Eu não concordo com o sistema de votos do Conselho do World Rugby, mas ele expõe que a própria federação internacional tem um sistema com níveis distintos:
- 10 países têm 3 votos no Conselho (Inglaterra, Gales, Escócia, Irlanda, França, Itália, Argentina, África do Sul, Austrália e Nova Zelândia);
- 1 tem 2 votos: Japão
- 6 têm 1 voto (EUA, Canadá, Geórgia, Romênia, Fiji e Samoa);
- 85 países são membros plenos sem votos diretos (apenas via federações continentais), entre eles o Brasil;
- Outros 17 países são membros associados (uma categoria menor, transitória);
- E há ainda uma sexta categoria que são países filiados às suas federações continentais, mas sem filiação direta ao World Rugby. Exemplos nas Américas são Bolívia, Equador, Honduras, El Salvador…
O problema desse sistema é sua elitização quanto às decisões e, acima de tudo, o fato de não haver qualquer critério objetivo para os 17 países privilegiados com votos diretos. Mas a CBRu poderia ter um sistema semelhante, porém montado por critérios objetivos abertos a ascensão e queda de todos os membros dentro do sistema – e não simples privilégios elitistas dos fundadores (os fundadores, no caso do World Rugby, leiam-se Inglaterra, Gales, Escócia, Irlanda, França, África do Sul, Austrália e Nova Zelândia). Se a CBRu merece mais espaço dentro do World Rugby, outros estados merecem um lugar dentro da CBRu. É lógica.
Erro evitável e custoso
Tudo isso expõe uma coisa óbvia e dolorosa de se constatar: a CBRu está desgastando sua imagem dentro da comunidade do rugby à toa.

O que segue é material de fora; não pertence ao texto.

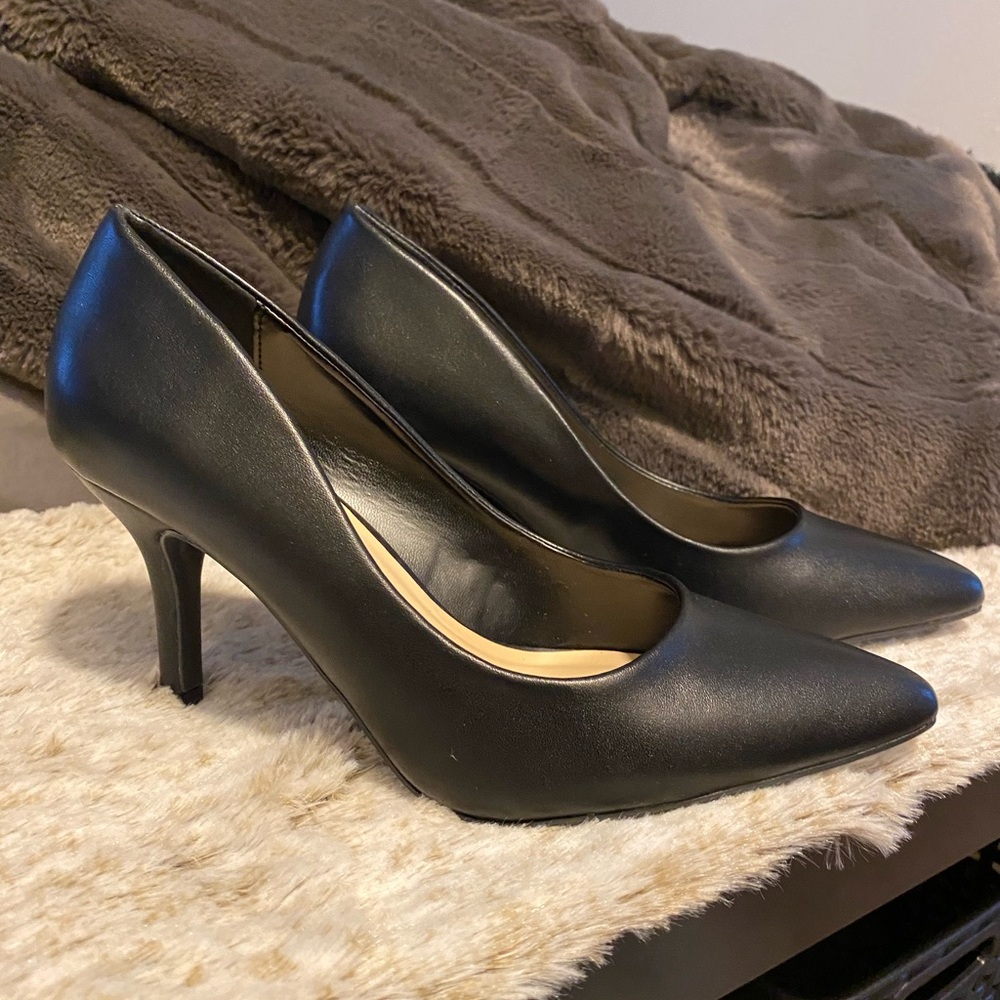Brand new black heels 👠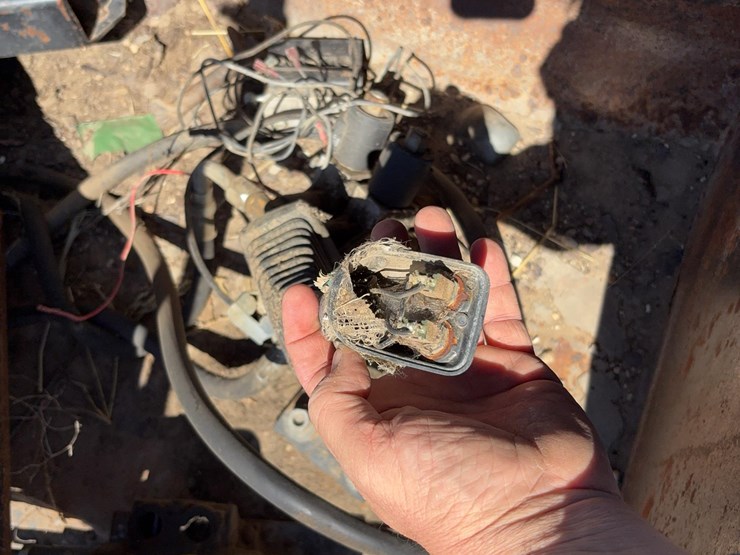 case-ih-l300-image-12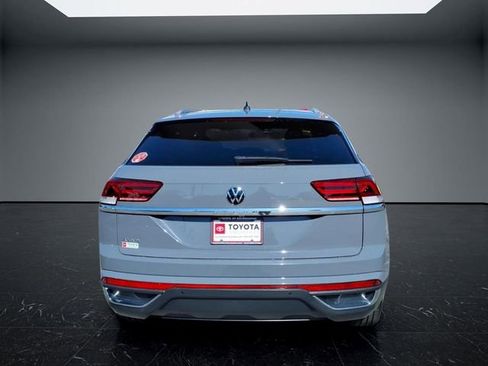 Used 2021 Volkswagen Atlas Cross Sport SE w/ Panoramic Sunroof Package FWD image 4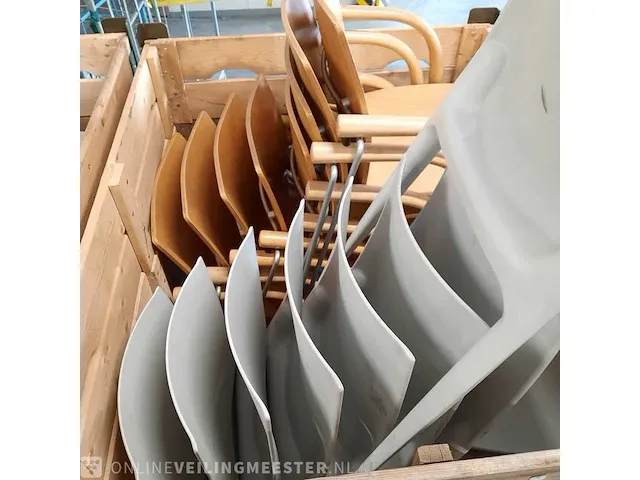 Ca. 46x stoel en en 9x tafel - afbeelding 4 van  14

Oras, a CBRu faz um magnífico trabalho no nível das seleções. Tem uma relação excelente com patrocinadores, ainda mais após entregar um evento do nível dos Maori All Blacks no Morumbi. Evoluiu na questão dos cursos com a Superweekend, que é um grande instrumento de desenvolvimento. Tem o Portal de Governança, para deixar abertas suas decisões.
Desgastar sua imagem por pura ausência de um plano claro e justo para as centenas de rugbiers espalhados fora dos 6 estados federados e transmitir uma mensagem tão excludente quanto essa é o tipo de coisa absolutamente evitável por bom senso.
Já se arrastou demais achar uma solução formal para o problema do rugby de 21 estados brasileiros. O papo do mérito já ficou vazio. A ideia do que é ou não prioritário já não é mais resposta válida. É preciso a CBRu liderar esse processo rumo a uma solução real. Afinal, trata-se de um erro de liderança.
Muito interssante! Thumbs up!
Existe rugby na Bahia. Tanto no XV quanto no sevens o calendário tem movimento e as coisas acontecem. Além disso, somos referenciados em Alagoas e Sergipe. Recusar a filiação da FRB foi um duro golpe da CBRU, que impede o crescimento do esporte num terreno fértil e gera uma certa antipatia com os amantes e praticantes do esporte em Salvador e interior. Acho que rende um ovalados um amplo debate sobre o assunto.